According to ancient Greek tradition, Hestia was along with four of her five siblings devoured by her own father Cronus as an infant due to his fear of being overthrown by one of his offspring, and was only freed when her youngest brother Zeus forced their father to disgorge the children he had eaten. Cronus and the rest of the Titans were cast down, and Hestia then became one of the Olympian gods, the new rulers of the cosmos, alongside her brothers and sisters. After the establishment of the new order and in spite of her status, Hestia withdraws from prominence in mythology, with few and sparse appearances in tales. Like Athena and Artemis, Hestia elected to never marry and remain an eternal virgin goddess instead, forever tending to the hearth of Olympus.

Despite her limited mythology, Hestia remained a very important goddess in ancient Greek society. Greek custom required that as the goddess of sacrificial fire, Hestia should receive the first offering at every sacrifice in the household. In the public domain, the hearth of the prytaneum functioned as her official sanctuary. Whenever a new colony was established, a flame from Hestia's public hearth in the mother city would be carried to the new settlement. The goddess Vesta is her Roman equivalent.

Origins and etymology 
Hestia's name means "hearth, fireplace, altar", This stems from the PIE root *wes, "burn" (ultimately from  "dwell, pass the night, stay"). It thus refers to the oikos: domestic life, home, household, house, or family. Burkert states that an "early form of the temple is the hearth house; the early temples at Dreros and Prinias on Crete are of this type as indeed is the temple of Apollo at Delphi which always had its inner hestia". The Mycenaean great hall (megaron), like Homer's hall of Odysseus at Ithaca, had a central hearth. Likewise, the hearth of the later Greek prytaneum was the community and government's ritual and secular focus. Hestia's naming thus makes her a personification of the hearth and its fire, a symbol of society and family, also denoting authority and kingship.

Mythology

Origin 

Hestia is a goddess of the first Olympian generation. She is the eldest daughter of the Titans Rhea and Cronus, and sister to Demeter, Hades, Hera, Poseidon, and Zeus. Immediately after their birth, Cronus swallowed all his children (Hestia was the first who was swallowed) except the last and youngest, Zeus, who was saved by Rhea. Instead, Zeus forced Cronus to disgorge his siblings and led them in a war against their father and the other Titans. As "first to be devoured . . . and the last to be yielded up again", Hestia is thus both the eldest and youngest daughter; this mythic inversion is found in the Homeric Hymn to Aphrodite (700 BC).

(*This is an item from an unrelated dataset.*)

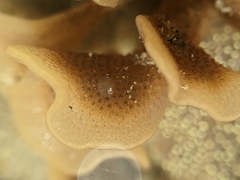 Pherusella brevituba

Zeus assigned Hestia a duty to feed and maintain the fires of the Olympian hearth with the fatty, combustible portions of animal sacrifices to the gods. Wherever food was cooked, or an offering was burnt, she thus had her share of honor; also, in all the temples of the gods, she has a share of honor. "Among all mortals she was chief of the goddesses".

Virgin goddess 
The gods Poseidon and Apollo both (her brother and nephew respectively) fell in love with Hestia and vied for her hand in marriage. But Hestia would have neither of them, and went to Zeus instead, and swore a great oath, that she would remain a virgin for all time and never marry. In the Homeric Hymn to Aphrodite, Aphrodite is described as having "no power" over Hestia.

Status and attributes 
At Athens, "in Plato's time," notes Kenneth Dorter "there was a discrepancy in the list of the twelve chief gods, as to whether Hestia or Dionysus was included with the other eleven. The altar to them at the agora, for example, included Hestia, but the east frieze of the Parthenon had Dionysus instead." However, the hearth was imovable, and "there is no story of Hestia's "ever having been removed from her fixed abode". Burkert remarks that "Since the hearth is immovable Hestia is unable to take part even in the procession of the gods, let alone the other antics of the Olympians".

Traditionally, Hestia is absent from ancient depictions of the Gigantomachy as she is the one who must keep the home fires burning when the other gods are away. Nevertheless her possible participation in the fight against the Giants is evidenced from an inscription on the northern frieze of the Siphnian Treasury in Delphi; Brinkmann (1985) suggests that the letter tracings of one of the two goddesses right next to Hephaestus be restored as "Hestia", although other possible candidates include Demeter and Persephone, or two of the three Fates.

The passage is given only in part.